Pour la deuxième fois en un mois, un groupe d’ex-rebelles a attaqué le siège du gouvernement à Tripoli. Suite à cet assaut, des affrontements ont eu lieu avec les forces de sécurité libyennes qui se sont soldées par un mort et trois blessés parmi ces dernières.
 
Ces anciens rebelles qui avaient pris les armes pour combattre l'armée de Kadhafi réclament aujourd'hui aux autorités le paiement de leurs primes.
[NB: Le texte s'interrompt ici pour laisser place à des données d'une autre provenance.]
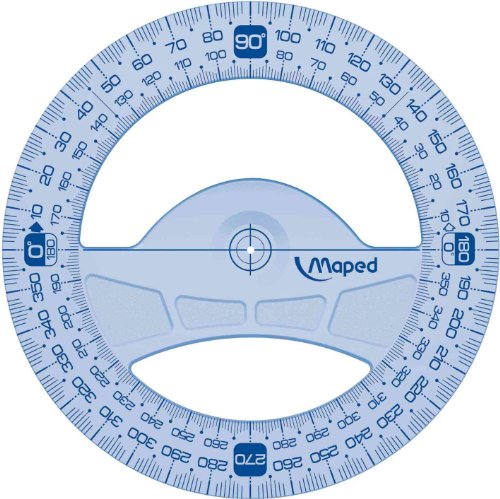 Maped 242360.0 Winkelmesser, klar Maped 242360.0 Winkelmesser, klar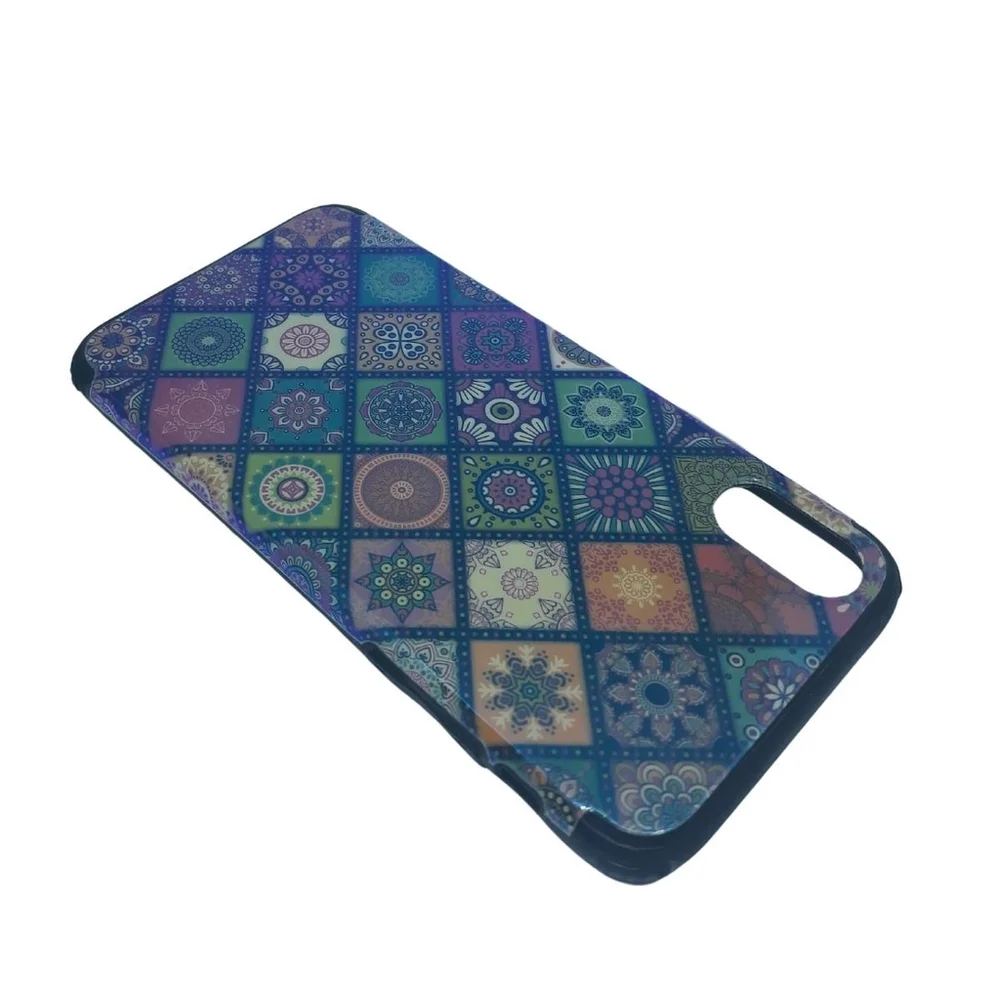Imagem 2 de 5 do produto Capa Capinha Case Estampada Silicone Iphone 10 Ante Queda Cor:azul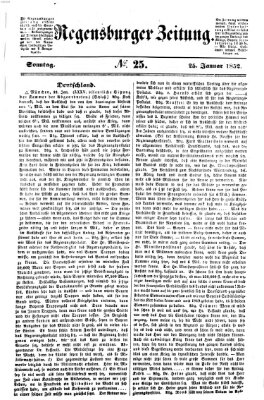 Regensburger Zeitung Sonntag 25. Januar 1852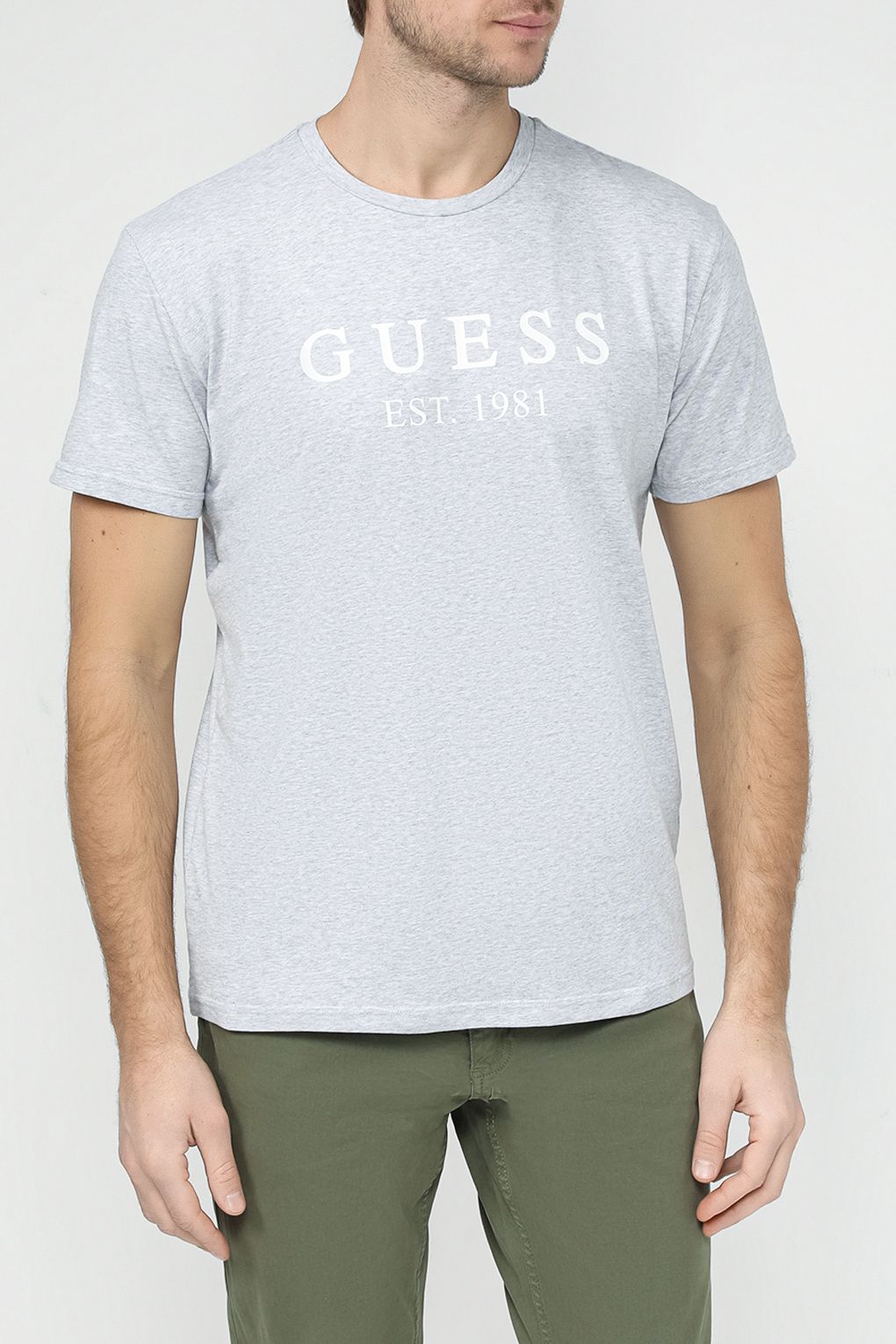 

Футболка мужская Guess U4RI22 K6YW0 серая M, Серый, U4RI22 K6YW0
En effet, le gouvernement libyen avait commencé à verser de l’argent aux anciens rebelles mais des "irrégularités" l’ont poussé à suspendre l’opération.
 
 
Cette vidéo, filmée quelques minutes après les affrontements entre l’armée libyenne et les miliciens, montre une scène d’agitation près du siège du gouvernement. On y voit des civils armés marchant aux côtés des militaires, un véhicule de police (en bleu foncé) garé à côté d'une voiture de miliciens (voiture blanche), mais aussi un pick-up de l’ancienne rébellion. À un moment, le convoi du ministre de la Défense est pris à partie par des badauds. On entend aussi des tirs sporadiques.
 
Le gouvernement a annoncé qu’il ne comptait pas se laisser intimider par des "hors-la-loi" mais cette nouvelle attaque illustre les difficultés des nouvelles autorités libyennes à garantir la sécurité. Beaucoup de milices refusent encore de rendre leurs armes et font la loi dans plusieurs régions du pays.
 
"Malgré les checkpoints, les armes circulent partout"
 
Tariq Elmeri est un Libyen de 28 ans qui a suivi des études d’informatique aux États-Unis avant de revenir habiter à Tripoli.
 
Ce genre d’attaque était prévisible, mais les habitants de Tripoli ne cèdent pas pour autant à la panique parce qu'ils y sont habitués. Les armes circulent partout. Et puis les gens ici n’accordent pas une grande confiance au gouvernement. Ils le disent corrompu. C’est pour ça que pour nous, ce n’est pas étonnant de voir d’anciens rebelles s’impatienter de cette manière, même si c’est stupide. Bien sûr, l’inquiétude pourrait grandir dans la population avec l'approche des élections, qui se tiendront le mois prochain [début juin, les Libyens vont élire une Assemblée constituante chargée de rédiger une nouvelle constitution, ndlr]. 
 
Dans la ville, il y a encore beaucoup de checkpoints pour contrôler les allers et venues mais les armes continuent de circuler.